Input:
--------

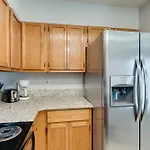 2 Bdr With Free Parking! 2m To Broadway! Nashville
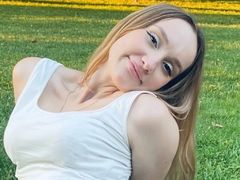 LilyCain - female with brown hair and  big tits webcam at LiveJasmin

--------

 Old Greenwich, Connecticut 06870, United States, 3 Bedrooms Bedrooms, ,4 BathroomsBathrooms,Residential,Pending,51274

--------

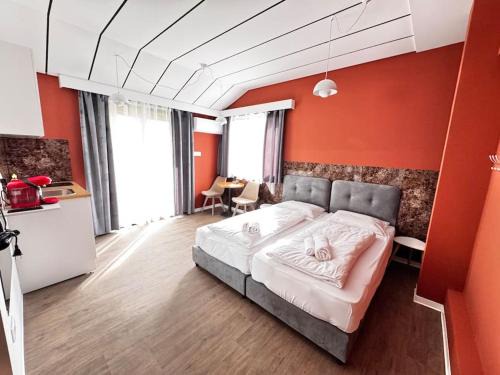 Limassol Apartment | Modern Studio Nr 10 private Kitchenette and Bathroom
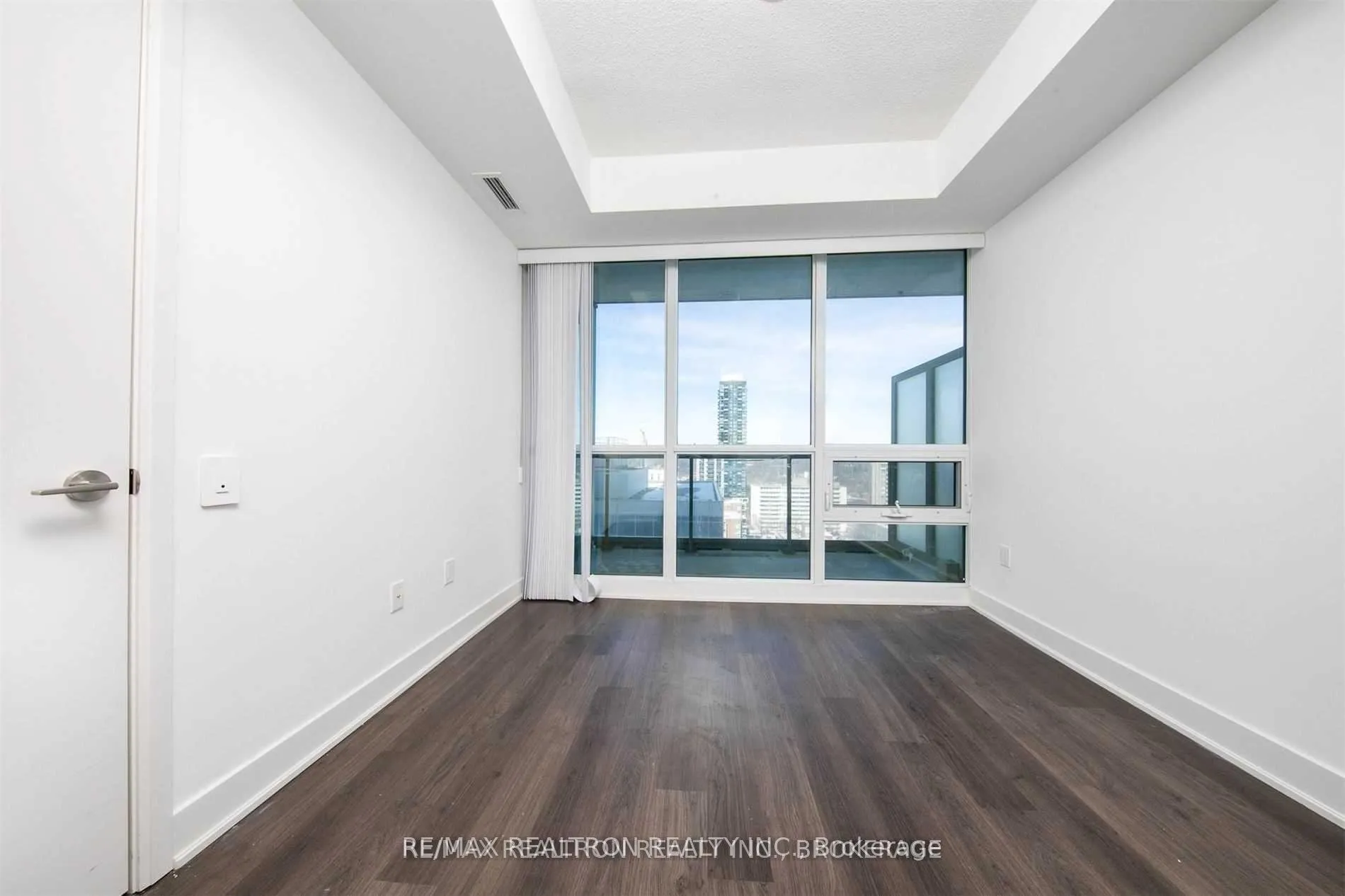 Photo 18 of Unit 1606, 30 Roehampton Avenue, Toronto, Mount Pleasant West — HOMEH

--------

Leaving pictures out, output the lines of the data above from the one with "2 Bdr With Free" through the one with "LilyCain - female", word for word.

Reply:
 2 Bdr With Free Parking! 2m To Broadway! Nashville
 LilyCain - female with brown hair and  big tits webcam at LiveJasmin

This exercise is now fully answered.